Beng Chuan is hsing-i’s most well-known attack technique. It is often considered to be the most powerful straight punch in all the Chinese martial arts.

The Wood Element, the Liver and the Fists

The internal pressures initiated in the body by this movement, in addition to its basic chi work, directly and positively affect the liver. Beng Chuan is represented by the Wood element, and focuses on making fists “grow” out of the body.

It is often compared to the force of a powerful plant growing and expanding through concrete with a steady, inexorable force.

Beng Chuan Power Punch

Beng Chuan is not like a normal straight punch, which depends on its momentum for much of its effectiveness.  Rather, Beng Chuan’s power is most likely to be applied from a very close distance, after,say, your arm has broken your opponent’s balance in the act of moving forward for an attack.

It is often used to stop the incoming attack of opponents and steal their power, after which either arm may attack. Beng Chuan is usually done with a quarter turn of the fist. It is applied both pressing down from above or pushing up from below an opponent’s arm.

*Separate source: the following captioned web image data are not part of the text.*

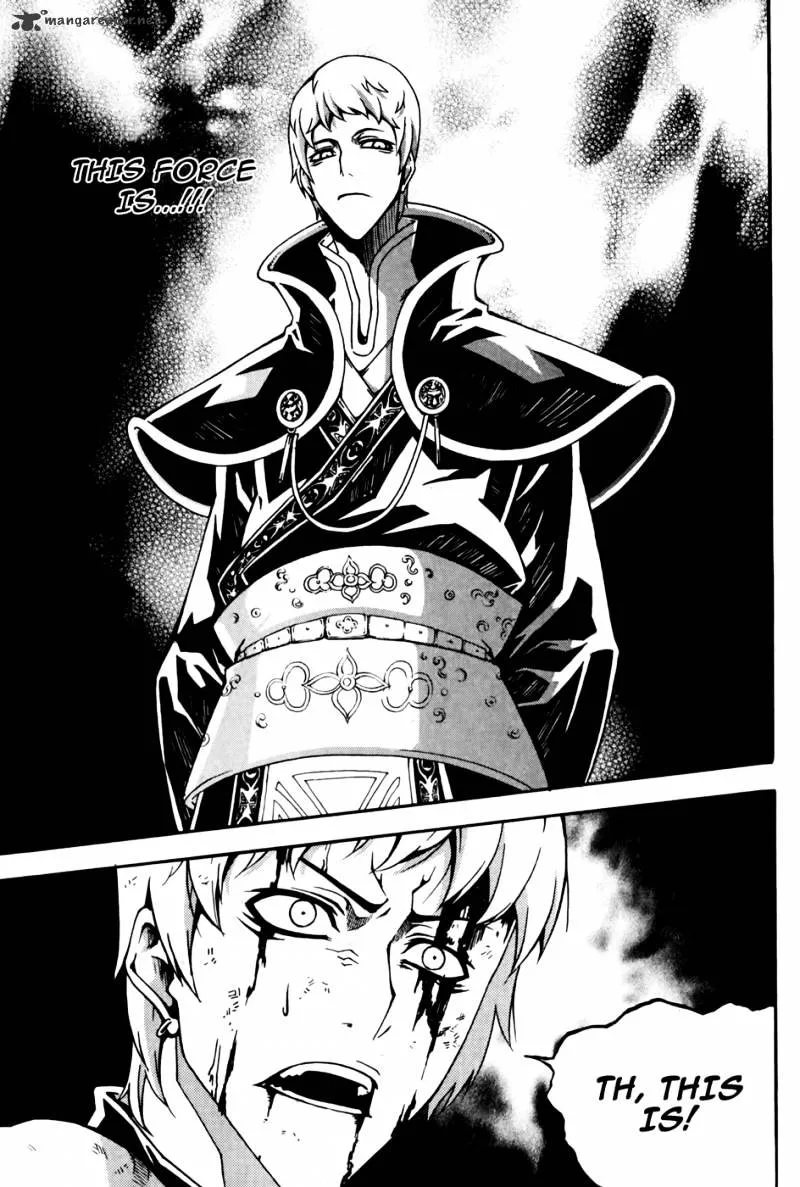 Chapter 89 — page 6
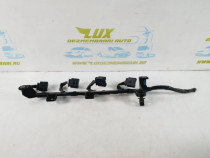 Cablaj electric a0225457026 Renault Scenic 4 [2017 - 2020]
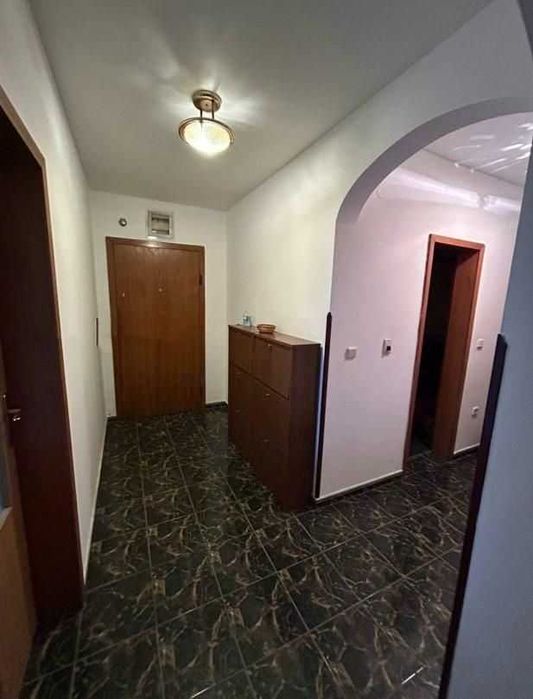 Продава се Тристаен апартамент в София, Манастирски ливади - 108 кв.м за 1519 €/кв.м - Снимка #10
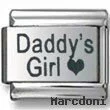 Daddy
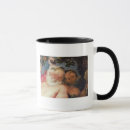 Suche nach rubens tassen 17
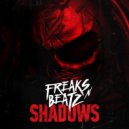 Freaks\'n\'Beatz - Shadows ()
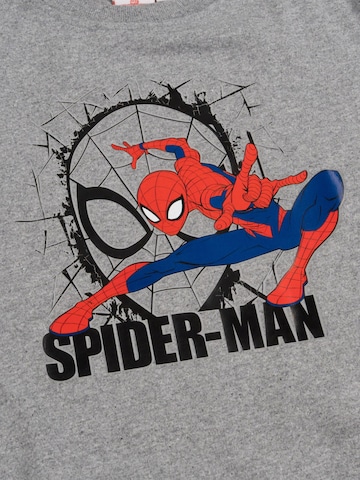 SPIDERMAN Pajamas 'Marvel' in Mixed colours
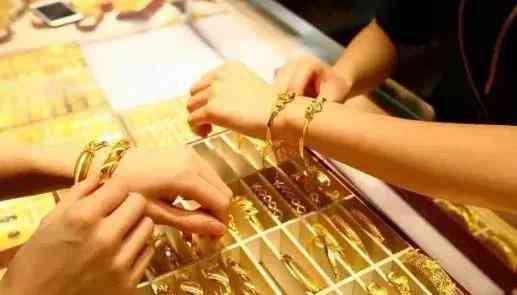 什么牌子的黃金不能買(買黃金有必要買牌子嗎)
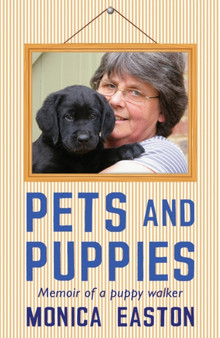 Pets and Puppies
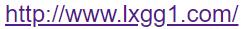 http://86msg.net/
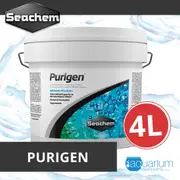 Seachem Purigen 4L (SC169)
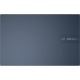 Ноутбук ASUS Vivobook 15 X1504VA-BQ322 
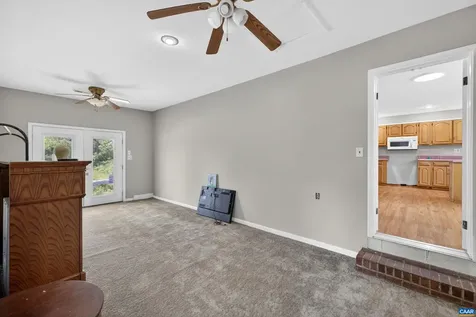 213 Oak Street Charlottesville VA 22902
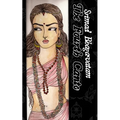 The Fourth Canto: Srimad Bhagavatam - Paperback
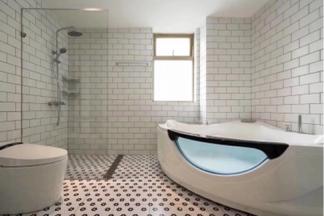 參宿設計有限公司 - 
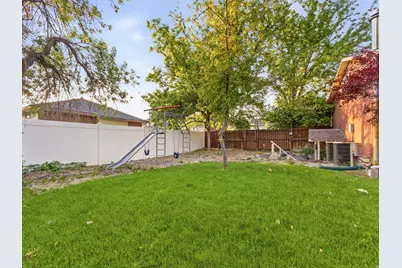 355 W 800 S, Orem, UT 84058 - Photo 33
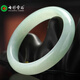 Colorful Yunnan Jade Bracelet Jade Bracelet Women's Jade Bracelet as a Valentine's Day Birthday Gift for Mom and Girlfriend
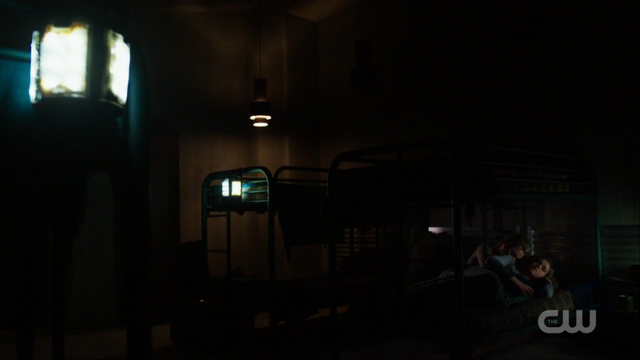 File:SD BUNKER4.png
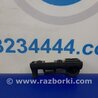 ФОТО Замок бардачку для Infiniti QX56 Киев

Beng Chuan’s retracting arm is used to push internal power downward to make the opponent’s arm and body stand still (that is, not run away) while your other arm strikes. It also uses an elliptical rolling action to climb up an opponent’s arms, and small defensive circular arm movements to set an opponent up for a counterattack.

In back weighted stances, Beng Chuan is known for power punches with the arm of the forward leg. As the arm advances, Beng Chuan often neutralizes the opponent’s attack with the front half of the extending punch and hits with the finishing second half of the arm’s extension.

Transitioning to the Last Two Hsing-i Fists

The first three techniques of the Five Elements – Pi Chuan, Tsuan Chuan and Beng Chuan – are usually first practiced walking in straight lines only. They are considered sufficient for most to understand the basic internal substance of hsing-i.

After these three are mastered, it then becomes profitable in terms of practice time to work with the next two techinques, which complete the full balance. The next two methods of Pao and Heng Chuan normally begin with using the the seven-star stepping pattern of hsing-i. In these steps, body moves in a zigzag pattern of connecting 45-degree angles.